A few other caveats. In this article I’m talking about pre-initial service preparations for bed bug service. The situation is that you’ve identified bed bugs in your home and a company is coming to treat for the first time. Also, I’m not talking about heat treatments in this particular article. With heat treatments there can be more prep work due to heat-flow issues, etc…
That all being said, I’m here to tell you that all that prep work you’re about to embark upon (or are still sweating from just completing) probably isn’t necessary. The emptying the dressers and emptying the closets and standing the bed up and stripping the beds and moving the stuff stored under the bed and…..all probably isn’t necessary.
What we know about bed bugs is that when an infestation is first introduced to a home they gravitate to the bed.

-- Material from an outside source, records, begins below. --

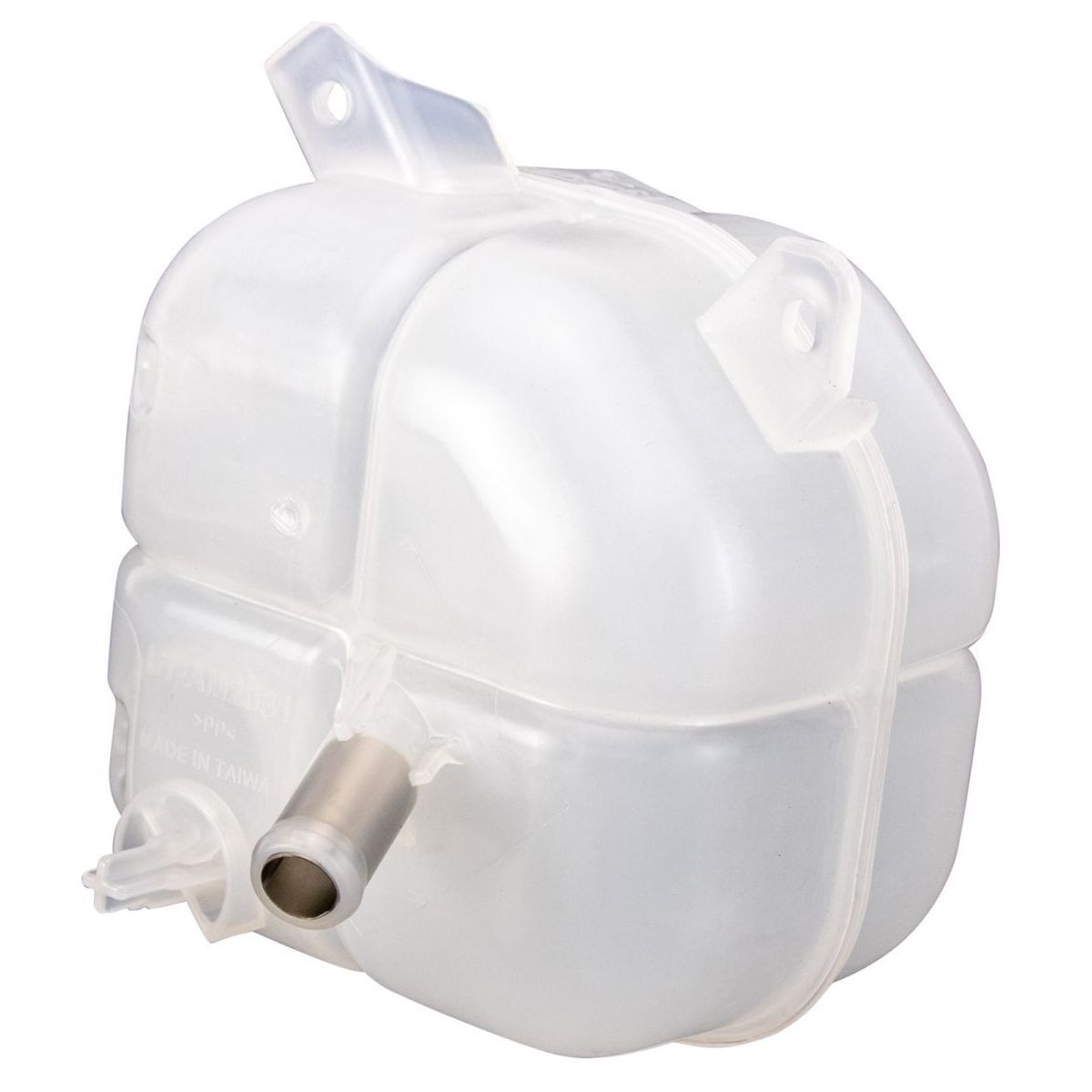 For 2014-2018 Chrysler 200 Jeep Cherokee Coolant Reservoir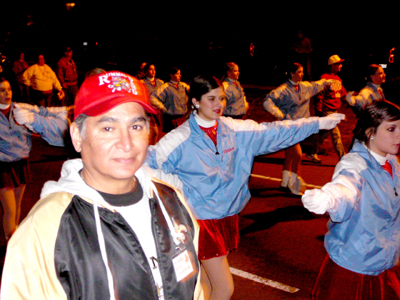 CEASAR PARADE MG 2007 H. CROSS 041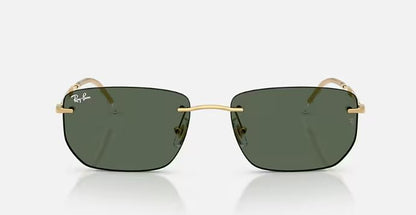 RB_3768_00171_ORO ARISTA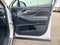 2022 Hyundai Santa Fe Hybrid Limited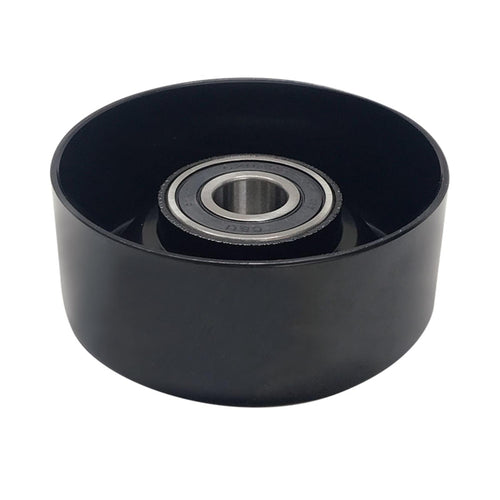 Polea De Accesorios Dodge Ram Charger 5.2 1992-1993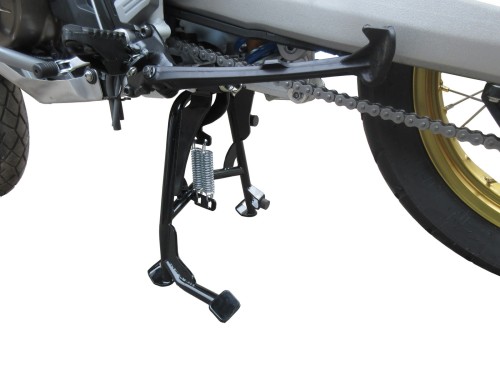CRF_1000_AFRICA_TWIN_AS_CENTRESTAND_1.jpg
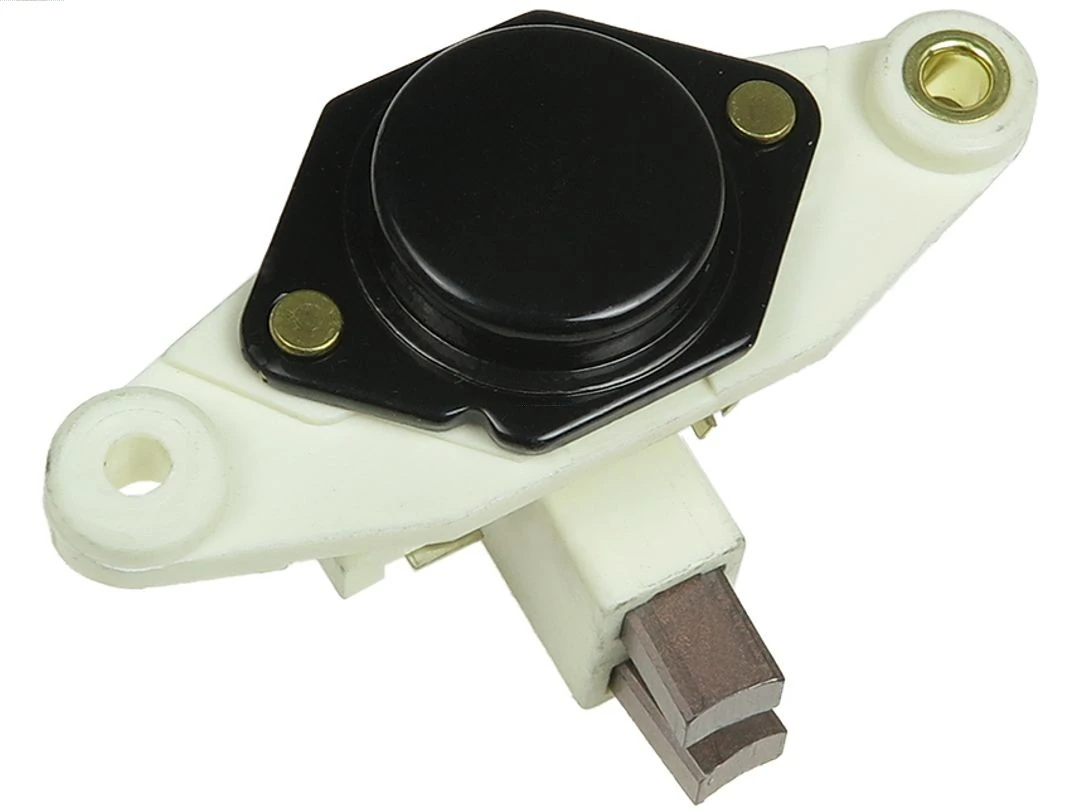 Alternator Regulator Brand new AS-PL ARE0014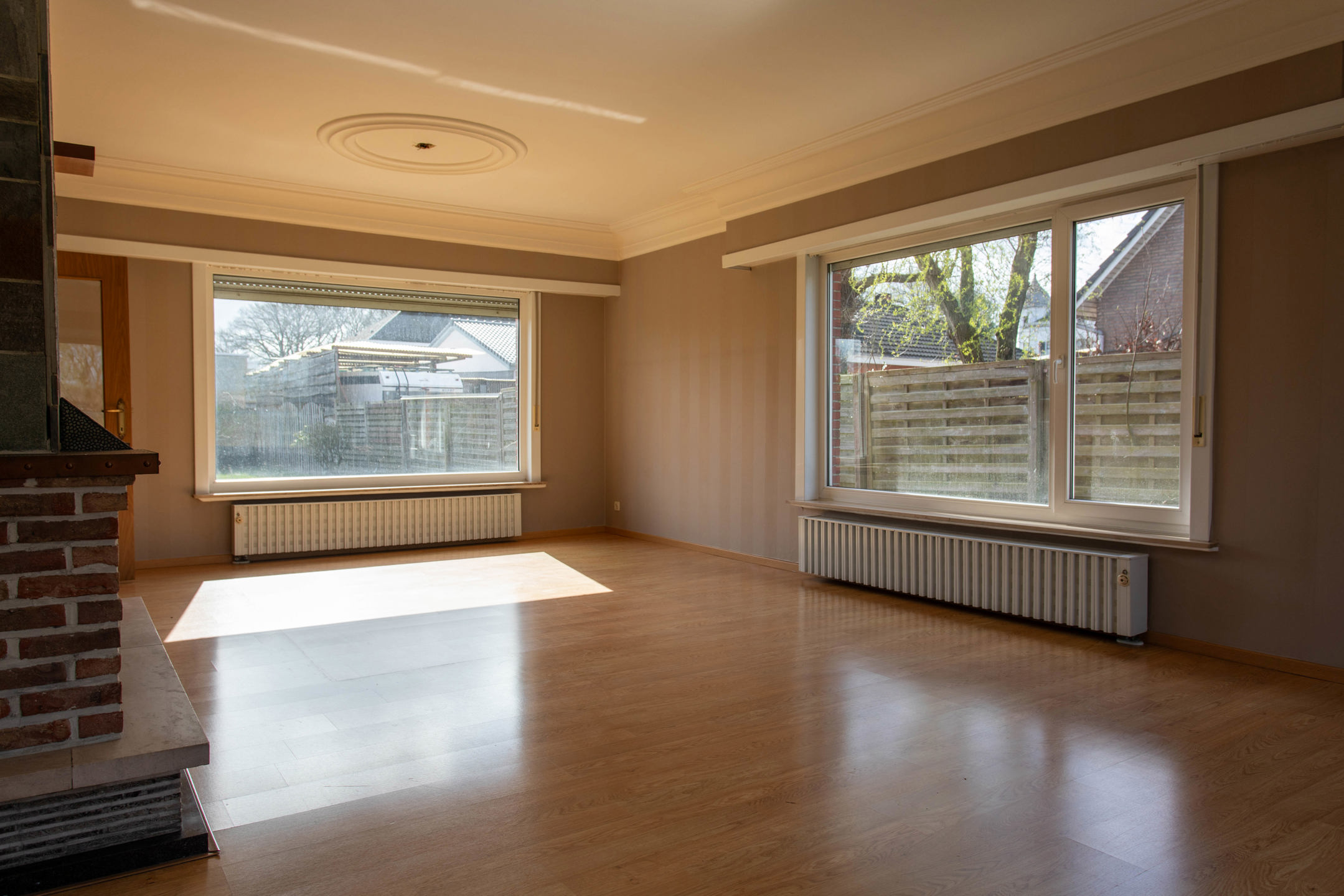 Huis te koop in Essen met 3 slaapkamers - foto 2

Research from the University of Sheffield found that in their infancy bed bug infestations are typically found within a few feet of the bed (and many times are still in the bed itself). What we know from our own internal research is that in your average apartment community about 90% of the infestations we deal with are “manageable” infestations – less than 100 bed bugs found during the initial service. Even in the 10% where there are over 100 bed bugs, half of those infestations the bugs are still being found primarily in the beds and couches. Combining those two pieces of information that means that in about 95% of all infestations most of the bed bugs are in the beds, couches or within a few feet of those areas.
So why do you empty closets and dressers for bed bug treatments? Because there might be a bed bug in the closet on your clothes and as a pest management professional I can’t treat your clothes and surely don’t have the time to inspect every article. Therefore the recommendation is made to empty the closets and dressers. But after what I just mentioned how often are there bed bugs in the closets? 1 out of 20 infestations (5%)? Yet many times companies ask you do empty the closets at the start of every treatment. (Obviously my recommendation changes if your bed, for whatever reason, is in the closet or within a foot or two)
What is necessary? I believe strongly in prep that is dictated by inspection. If I come out to your home and find bed bug spotting (fecal material) on the closet in your master bedroom I may ask that you empty that particular closet and launder those items. If I find bed bugs in the dresser in your guest bedroom I may ask you to empty that particular dresser. And lastly if I find that you have a bad, widely spread infestation you may need to empty everything and do everything I just said you wouldn’t have to.
The bottom line is that invasive and overwhelming bed bug treatment preps that are standard for every job has never made sense to me. In most infestations there are only a handful of bed bugs present and the bugs aren’t in the closets and dresser drawers so why are we asking people to empty them? Bed bug preps in your average traditional service should be based upon inspection and evidence….not just because.